Baghdad, Iraq U.S. and Iraqi forces Thursday rescued seven Sunni Arab men seized by suspected Shiite militiamen near Baghdad, part of a campaign to suppress sectarian death squads responsible for hundreds of deaths this year.
The kidnapping was the latest in a wave that is plaguing the country. Many of the abductions are part of the sectarian warfare in the Iraqi capital, home to large communities of Sunnis, Shiites and Kurds.
Iraqi police said the trouble started when dozens of gunmen, some of them wearing military uniforms, raided two Sunni villages near Khan Bani Saad, 25 miles northeast of Baghdad, and abducted 10 young men.

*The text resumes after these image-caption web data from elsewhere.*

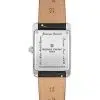 عکس ساعت مچی زنانه فردریک کنستانت (Frederique Constant) مدل FC-235S2C6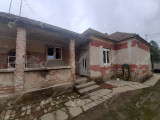 c3-1-name c2-1-name, Molnári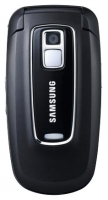 Samsung SGH-X650 Technische Daten, Samsung SGH-X650 Daten, Samsung SGH-X650 Funktionen, Samsung SGH-X650 Bewertung, Samsung SGH-X650 kaufen, Samsung SGH-X650 Preis, Samsung SGH-X650 Handys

Village leaders and clerics alerted police and U.S. soldiers, who rushed to the scene, clashed with the gunmen and rescued seven of the hostages, police said.
Three others were missing and presumed taken away by gunmen, police said.
U.S. troops killed at least one kidnapper and wounded another, said Lt. Col. Thomas Fisher, commander of the 1st Battalion, 68th Armor.
Some of the hostages had been severely beaten, he told Associated Press TV News.
More than 30 people were taken into custody, Iraqi police said, and interrogators were trying to determine their identities.
Some gunmen told police they belong to the militia loyal to radical Shiite cleric Muqtada al-Sadr and had come from Baghdad, Iraqi authorities said.
Fisher said the incident may have been "tribal in nature."
He did not elaborate, but tensions have been running high for months between Shiite and Sunni communities in religiously mixed Diyala province.
Three U.S. soldiers were killed when roadside bombs hit two U.S. Army convoys, the military said.
The U.S. command also announced that a U.S. soldier died Tuesday from non-combat-related wounds.